The Baseball Bodymind

 The month began with me pleading with the Red Sox to just let Rafael Devers be Rafael Devers. At issue was not just the then-potential move from third baseman to designated hitter but an apparent desire on the part of the organization that he become a more front-facing and extroverted kind of leader on the team. The month ends with me wondering if the training staff understands what’s gone wrong.

After being essentially exempted from spring training games, the team did name Devers their DH and the results thus far are disappointing, as detailed by Alex Speier.

His performance in an 8-5 loss to the Orioles on Monday — five plate appearances in which he failed to put a ball in play, going 0 for 3 with three strikeouts and two walks — added to a line that suggests something is deeply amiss. Devers is 0 for 19 with 15 strikeouts to start 2025, the most strikeouts in big league history through the first five contests of a season.

Most of the broadcast chatter during games over the past five days as the Red Sox quickly dropped to .200 baseball and the basement of the division has been about Devers’ stance and his timing. None of the chatter, as near as I can tell, has been about what I think likely is the actual issue.

Devers is used to spending nearly the entire game in his body, but now—because he doesn’t take the field—he’s spending nearly the entire game in his head. There doesn’t seem to be any discussion on whether or not the training staff has been coming up with ways to help him make this adjustment, despite the fact that any player would tell you that getting stuck in your head can be death in baseball.

Prior to the switch to designated hitter, Devers’ experience of baseball was physical for at least half of every inning, plus however often in the other half-innings he came up to the plate.

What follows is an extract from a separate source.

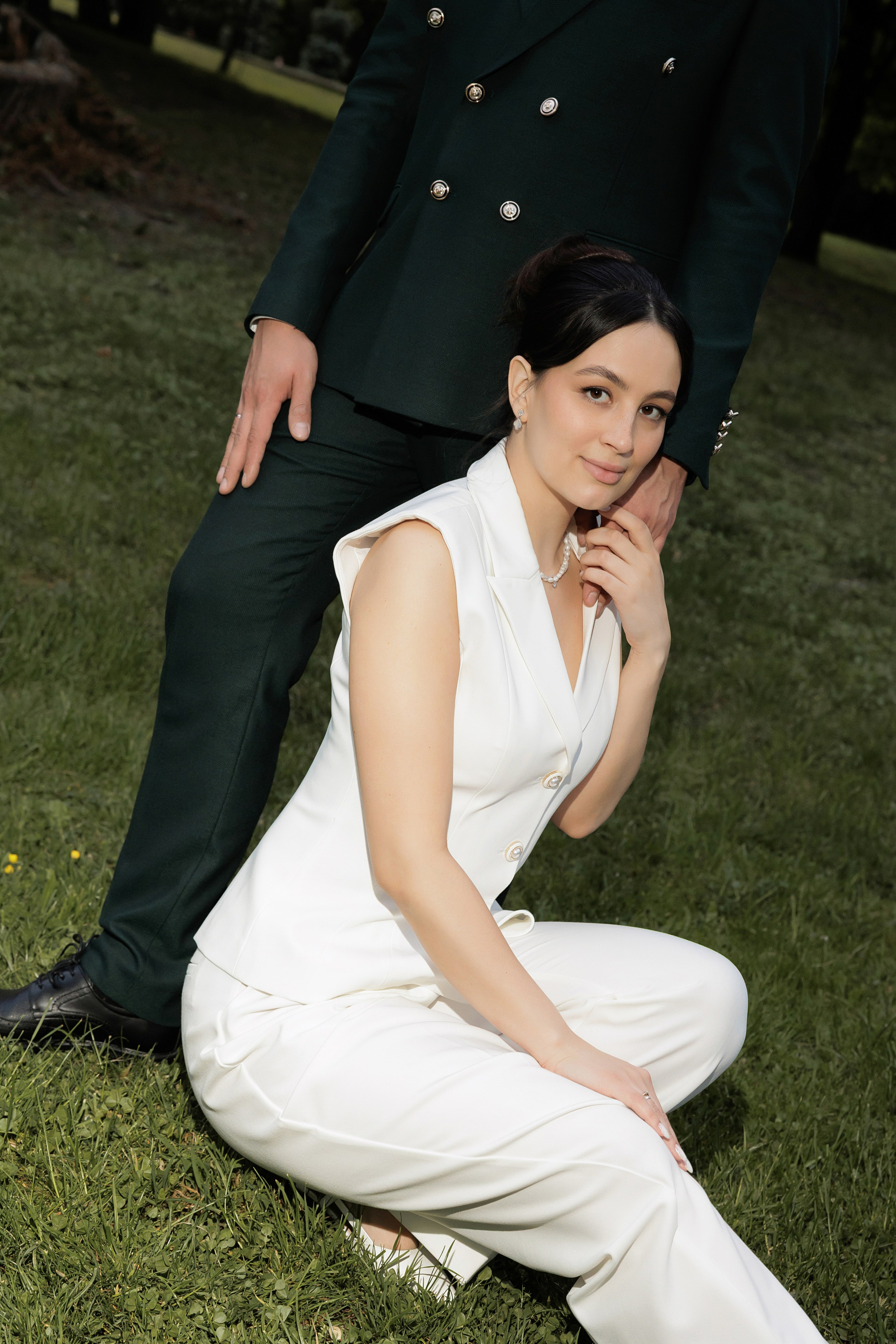 Я вновь смотрю в твои глаза!. Свадебный фотограф Калининград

Now, his experience of baseball is physical, on average, only every couple of innings.

That’s a massive change.

Tweaks to a player’s stance and questions of their timing are what you focus on as a manager, a trainer, or a front office when you’re stuck in analytics mode. How to transition a player from a game where they’re almost always in their body to one where there’s too much time to be in their head is what you focus on when your mode is to look at a player as a person first.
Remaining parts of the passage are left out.